### Exercise goal
Below are some records. Say how many of their lines include the string "Alfa", giving only the number.

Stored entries

━━━━━━━━━━━━━━━━━━━━━━━━━━━━━━

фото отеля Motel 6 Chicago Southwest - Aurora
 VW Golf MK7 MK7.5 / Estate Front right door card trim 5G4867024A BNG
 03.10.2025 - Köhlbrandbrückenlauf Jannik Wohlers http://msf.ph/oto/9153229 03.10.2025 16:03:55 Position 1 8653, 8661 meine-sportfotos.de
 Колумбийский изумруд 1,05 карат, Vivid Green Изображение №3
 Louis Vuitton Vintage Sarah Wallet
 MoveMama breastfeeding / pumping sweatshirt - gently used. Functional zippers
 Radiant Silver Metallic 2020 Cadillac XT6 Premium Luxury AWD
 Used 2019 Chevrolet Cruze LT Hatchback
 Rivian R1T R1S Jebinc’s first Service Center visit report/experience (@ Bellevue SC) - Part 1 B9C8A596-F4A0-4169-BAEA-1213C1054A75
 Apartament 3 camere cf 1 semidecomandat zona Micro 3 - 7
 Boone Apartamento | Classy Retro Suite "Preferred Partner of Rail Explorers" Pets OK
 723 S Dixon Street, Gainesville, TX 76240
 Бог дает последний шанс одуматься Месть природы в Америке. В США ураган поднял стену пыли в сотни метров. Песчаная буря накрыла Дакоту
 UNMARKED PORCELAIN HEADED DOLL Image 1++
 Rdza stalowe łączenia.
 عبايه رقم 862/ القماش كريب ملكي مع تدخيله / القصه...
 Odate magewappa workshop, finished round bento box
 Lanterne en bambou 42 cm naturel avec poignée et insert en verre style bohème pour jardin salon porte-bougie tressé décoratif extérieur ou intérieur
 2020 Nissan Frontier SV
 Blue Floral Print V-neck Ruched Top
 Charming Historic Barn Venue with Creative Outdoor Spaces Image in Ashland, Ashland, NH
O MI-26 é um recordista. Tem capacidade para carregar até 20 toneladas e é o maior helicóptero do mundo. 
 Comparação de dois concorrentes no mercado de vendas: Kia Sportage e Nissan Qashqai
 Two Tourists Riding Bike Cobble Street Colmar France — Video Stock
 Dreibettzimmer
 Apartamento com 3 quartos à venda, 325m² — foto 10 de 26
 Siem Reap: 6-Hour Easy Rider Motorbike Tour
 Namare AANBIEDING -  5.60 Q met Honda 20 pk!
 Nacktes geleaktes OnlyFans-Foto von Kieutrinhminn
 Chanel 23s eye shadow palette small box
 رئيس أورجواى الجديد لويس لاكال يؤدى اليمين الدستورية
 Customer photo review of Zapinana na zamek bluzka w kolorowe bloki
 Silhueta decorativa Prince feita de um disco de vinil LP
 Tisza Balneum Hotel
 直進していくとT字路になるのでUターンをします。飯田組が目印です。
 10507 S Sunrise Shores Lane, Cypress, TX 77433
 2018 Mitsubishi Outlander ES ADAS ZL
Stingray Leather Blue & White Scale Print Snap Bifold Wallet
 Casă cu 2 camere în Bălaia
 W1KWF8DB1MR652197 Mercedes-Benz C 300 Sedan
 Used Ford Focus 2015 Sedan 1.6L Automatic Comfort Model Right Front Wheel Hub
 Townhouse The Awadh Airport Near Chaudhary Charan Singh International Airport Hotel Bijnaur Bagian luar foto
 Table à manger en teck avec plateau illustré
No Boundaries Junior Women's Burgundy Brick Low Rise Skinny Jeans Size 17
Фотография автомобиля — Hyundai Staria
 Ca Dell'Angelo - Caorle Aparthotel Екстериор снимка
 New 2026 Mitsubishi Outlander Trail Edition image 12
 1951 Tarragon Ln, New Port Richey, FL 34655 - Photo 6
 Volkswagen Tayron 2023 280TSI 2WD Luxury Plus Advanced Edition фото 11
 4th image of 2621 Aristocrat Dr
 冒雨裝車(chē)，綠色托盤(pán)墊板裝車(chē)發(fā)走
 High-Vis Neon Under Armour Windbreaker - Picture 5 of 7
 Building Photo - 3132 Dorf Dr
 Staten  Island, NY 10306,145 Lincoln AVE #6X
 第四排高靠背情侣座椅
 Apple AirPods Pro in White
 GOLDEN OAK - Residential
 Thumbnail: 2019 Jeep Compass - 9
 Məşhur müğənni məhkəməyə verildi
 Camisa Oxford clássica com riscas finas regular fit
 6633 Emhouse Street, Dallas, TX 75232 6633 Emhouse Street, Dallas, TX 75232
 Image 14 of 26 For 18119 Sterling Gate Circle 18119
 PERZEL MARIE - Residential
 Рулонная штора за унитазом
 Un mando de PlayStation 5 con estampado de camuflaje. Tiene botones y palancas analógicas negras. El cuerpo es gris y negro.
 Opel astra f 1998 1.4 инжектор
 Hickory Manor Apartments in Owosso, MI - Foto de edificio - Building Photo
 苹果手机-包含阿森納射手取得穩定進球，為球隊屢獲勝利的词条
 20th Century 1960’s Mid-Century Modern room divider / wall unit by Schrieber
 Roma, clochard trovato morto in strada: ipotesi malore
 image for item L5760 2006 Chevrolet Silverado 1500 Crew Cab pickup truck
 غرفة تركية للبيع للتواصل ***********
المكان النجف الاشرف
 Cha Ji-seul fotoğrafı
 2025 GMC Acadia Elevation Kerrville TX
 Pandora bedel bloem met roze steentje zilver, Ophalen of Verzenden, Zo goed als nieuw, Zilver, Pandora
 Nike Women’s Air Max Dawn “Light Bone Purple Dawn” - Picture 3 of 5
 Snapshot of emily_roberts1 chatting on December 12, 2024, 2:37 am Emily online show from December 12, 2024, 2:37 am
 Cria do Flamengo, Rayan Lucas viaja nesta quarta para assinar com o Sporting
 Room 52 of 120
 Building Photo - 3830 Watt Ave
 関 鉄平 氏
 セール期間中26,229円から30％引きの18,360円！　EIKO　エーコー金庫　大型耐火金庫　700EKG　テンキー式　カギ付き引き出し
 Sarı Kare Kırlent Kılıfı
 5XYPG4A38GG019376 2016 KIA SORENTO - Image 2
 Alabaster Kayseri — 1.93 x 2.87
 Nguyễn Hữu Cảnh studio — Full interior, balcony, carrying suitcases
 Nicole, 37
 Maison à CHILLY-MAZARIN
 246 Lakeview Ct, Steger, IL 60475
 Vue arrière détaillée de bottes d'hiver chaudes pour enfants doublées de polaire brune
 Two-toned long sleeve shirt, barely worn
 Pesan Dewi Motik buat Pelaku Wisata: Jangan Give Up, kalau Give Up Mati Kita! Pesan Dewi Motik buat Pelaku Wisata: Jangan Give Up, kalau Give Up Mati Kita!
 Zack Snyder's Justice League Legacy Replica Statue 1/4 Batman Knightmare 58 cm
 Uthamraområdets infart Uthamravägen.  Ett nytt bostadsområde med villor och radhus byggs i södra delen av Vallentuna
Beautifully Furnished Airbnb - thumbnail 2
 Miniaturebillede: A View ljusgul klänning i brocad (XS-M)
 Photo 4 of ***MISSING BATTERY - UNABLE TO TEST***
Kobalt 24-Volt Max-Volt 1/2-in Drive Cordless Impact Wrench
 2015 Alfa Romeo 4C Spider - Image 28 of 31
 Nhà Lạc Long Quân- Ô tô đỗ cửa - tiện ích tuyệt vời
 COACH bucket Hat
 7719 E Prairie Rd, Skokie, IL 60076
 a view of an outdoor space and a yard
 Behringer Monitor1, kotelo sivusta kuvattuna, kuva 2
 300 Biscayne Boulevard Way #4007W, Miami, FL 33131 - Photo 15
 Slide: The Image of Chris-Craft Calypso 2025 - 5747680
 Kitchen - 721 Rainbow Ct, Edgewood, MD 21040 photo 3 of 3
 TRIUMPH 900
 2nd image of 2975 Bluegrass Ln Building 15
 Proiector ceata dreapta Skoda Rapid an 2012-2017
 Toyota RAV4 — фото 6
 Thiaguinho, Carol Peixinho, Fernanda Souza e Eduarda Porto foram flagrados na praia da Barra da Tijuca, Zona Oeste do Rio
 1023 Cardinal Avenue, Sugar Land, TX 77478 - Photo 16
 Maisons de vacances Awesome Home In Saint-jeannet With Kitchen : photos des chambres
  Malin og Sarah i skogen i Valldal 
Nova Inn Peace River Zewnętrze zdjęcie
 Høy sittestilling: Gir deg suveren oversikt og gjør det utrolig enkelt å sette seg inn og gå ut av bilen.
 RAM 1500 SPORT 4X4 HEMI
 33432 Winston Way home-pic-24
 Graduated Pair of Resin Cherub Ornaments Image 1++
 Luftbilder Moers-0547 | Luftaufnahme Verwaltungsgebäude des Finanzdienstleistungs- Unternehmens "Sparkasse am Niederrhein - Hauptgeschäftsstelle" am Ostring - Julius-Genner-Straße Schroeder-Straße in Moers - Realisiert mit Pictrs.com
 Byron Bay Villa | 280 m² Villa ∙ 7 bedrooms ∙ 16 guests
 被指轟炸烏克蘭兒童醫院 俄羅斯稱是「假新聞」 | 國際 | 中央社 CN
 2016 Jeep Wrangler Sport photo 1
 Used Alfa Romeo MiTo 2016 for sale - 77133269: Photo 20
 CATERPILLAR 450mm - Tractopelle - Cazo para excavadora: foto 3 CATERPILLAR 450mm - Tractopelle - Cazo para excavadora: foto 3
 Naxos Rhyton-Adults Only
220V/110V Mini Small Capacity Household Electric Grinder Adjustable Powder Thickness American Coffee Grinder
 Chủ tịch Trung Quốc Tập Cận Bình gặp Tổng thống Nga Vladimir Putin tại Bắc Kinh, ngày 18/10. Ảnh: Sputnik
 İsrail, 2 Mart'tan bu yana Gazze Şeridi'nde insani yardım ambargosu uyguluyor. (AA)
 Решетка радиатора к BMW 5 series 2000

━━━━━━━━━━━━━━━━━━━━━━━━━━━━━━

### Result
2